• Saved data entries
[Start of Attachment]
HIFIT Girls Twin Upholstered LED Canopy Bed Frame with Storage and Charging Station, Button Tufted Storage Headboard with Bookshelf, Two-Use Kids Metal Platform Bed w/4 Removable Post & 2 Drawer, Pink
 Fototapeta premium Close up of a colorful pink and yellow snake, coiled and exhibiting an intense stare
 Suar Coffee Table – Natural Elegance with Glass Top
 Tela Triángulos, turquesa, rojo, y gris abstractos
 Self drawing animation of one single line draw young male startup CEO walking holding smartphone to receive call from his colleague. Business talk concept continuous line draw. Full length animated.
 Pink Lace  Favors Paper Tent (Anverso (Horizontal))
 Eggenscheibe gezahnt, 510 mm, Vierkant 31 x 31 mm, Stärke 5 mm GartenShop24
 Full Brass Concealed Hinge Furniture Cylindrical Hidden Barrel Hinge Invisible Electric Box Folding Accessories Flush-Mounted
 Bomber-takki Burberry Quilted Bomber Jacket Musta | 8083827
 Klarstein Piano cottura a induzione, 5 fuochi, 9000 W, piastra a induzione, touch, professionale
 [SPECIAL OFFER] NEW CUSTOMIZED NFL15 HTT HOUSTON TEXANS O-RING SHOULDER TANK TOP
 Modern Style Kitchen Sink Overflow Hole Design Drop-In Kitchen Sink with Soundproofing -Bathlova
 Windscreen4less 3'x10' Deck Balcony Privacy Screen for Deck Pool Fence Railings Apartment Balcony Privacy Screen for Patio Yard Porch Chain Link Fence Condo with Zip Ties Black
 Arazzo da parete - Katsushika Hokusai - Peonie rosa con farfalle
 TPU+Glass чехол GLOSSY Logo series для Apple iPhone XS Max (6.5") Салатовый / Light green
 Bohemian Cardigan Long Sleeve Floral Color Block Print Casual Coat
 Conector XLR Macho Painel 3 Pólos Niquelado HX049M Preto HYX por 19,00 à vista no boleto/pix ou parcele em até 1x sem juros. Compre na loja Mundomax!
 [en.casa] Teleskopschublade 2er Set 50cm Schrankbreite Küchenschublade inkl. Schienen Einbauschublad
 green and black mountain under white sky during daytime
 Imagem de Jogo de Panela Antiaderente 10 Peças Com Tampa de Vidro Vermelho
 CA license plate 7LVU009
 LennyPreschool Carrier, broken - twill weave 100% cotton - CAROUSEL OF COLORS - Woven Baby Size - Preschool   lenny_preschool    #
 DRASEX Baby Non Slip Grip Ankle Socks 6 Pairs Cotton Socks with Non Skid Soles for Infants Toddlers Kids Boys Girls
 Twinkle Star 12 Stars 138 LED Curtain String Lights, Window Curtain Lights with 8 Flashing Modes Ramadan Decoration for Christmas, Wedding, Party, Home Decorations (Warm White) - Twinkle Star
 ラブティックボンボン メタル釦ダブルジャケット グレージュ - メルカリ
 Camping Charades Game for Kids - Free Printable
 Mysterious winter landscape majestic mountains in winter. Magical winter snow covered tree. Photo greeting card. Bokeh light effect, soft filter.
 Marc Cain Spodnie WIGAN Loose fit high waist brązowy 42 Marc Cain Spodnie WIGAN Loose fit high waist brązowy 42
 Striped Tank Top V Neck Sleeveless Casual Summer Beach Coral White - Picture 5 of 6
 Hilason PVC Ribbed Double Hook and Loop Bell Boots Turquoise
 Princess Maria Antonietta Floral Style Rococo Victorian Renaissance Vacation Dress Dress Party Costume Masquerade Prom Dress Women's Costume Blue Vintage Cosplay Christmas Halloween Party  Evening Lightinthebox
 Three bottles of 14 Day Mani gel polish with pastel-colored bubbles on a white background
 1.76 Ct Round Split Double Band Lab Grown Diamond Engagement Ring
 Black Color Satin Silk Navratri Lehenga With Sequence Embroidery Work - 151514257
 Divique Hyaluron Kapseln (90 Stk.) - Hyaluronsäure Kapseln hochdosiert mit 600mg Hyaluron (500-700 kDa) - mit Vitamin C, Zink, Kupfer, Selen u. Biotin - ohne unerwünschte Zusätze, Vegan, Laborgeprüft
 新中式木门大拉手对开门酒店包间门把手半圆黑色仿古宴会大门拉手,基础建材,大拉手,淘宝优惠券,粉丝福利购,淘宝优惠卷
[End of Attachment]
• Brief
Which lines above run from the one containing "[SPECIAL OFFER] NEW" down to the one containing "Mysterious winter landscape"? Repeat exactly those, both ends included, and nothing else.

• Answer box
 [SPECIAL OFFER] NEW CUSTOMIZED NFL15 HTT HOUSTON TEXANS O-RING SHOULDER TANK TOP
 Modern Style Kitchen Sink Overflow Hole Design Drop-In Kitchen Sink with Soundproofing -Bathlova
 Windscreen4less 3'x10' Deck Balcony Privacy Screen for Deck Pool Fence Railings Apartment Balcony Privacy Screen for Patio Yard Porch Chain Link Fence Condo with Zip Ties Black
 Arazzo da parete - Katsushika Hokusai - Peonie rosa con farfalle
 TPU+Glass чехол GLOSSY Logo series для Apple iPhone XS Max (6.5") Салатовый / Light green
 Bohemian Cardigan Long Sleeve Floral Color Block Print Casual Coat
 Conector XLR Macho Painel 3 Pólos Niquelado HX049M Preto HYX por 19,00 à vista no boleto/pix ou parcele em até 1x sem juros. Compre na loja Mundomax!
 [en.casa] Teleskopschublade 2er Set 50cm Schrankbreite Küchenschublade inkl. Schienen Einbauschublad
 green and black mountain under white sky during daytime
 Imagem de Jogo de Panela Antiaderente 10 Peças Com Tampa de Vidro Vermelho
 CA license plate 7LVU009
 LennyPreschool Carrier, broken - twill weave 100% cotton - CAROUSEL OF COLORS - Woven Baby Size - Preschool   lenny_preschool    #
 DRASEX Baby Non Slip Grip Ankle Socks 6 Pairs Cotton Socks with Non Skid Soles for Infants Toddlers Kids Boys Girls
 Twinkle Star 12 Stars 138 LED Curtain String Lights, Window Curtain Lights with 8 Flashing Modes Ramadan Decoration for Christmas, Wedding, Party, Home Decorations (Warm White) - Twinkle Star
 ラブティックボンボン メタル釦ダブルジャケット グレージュ - メルカリ
 Camping Charades Game for Kids - Free Printable
 Mysterious winter landscape majestic mountains in winter. Magical winter snow covered tree. Photo greeting card. Bokeh light effect, soft filter.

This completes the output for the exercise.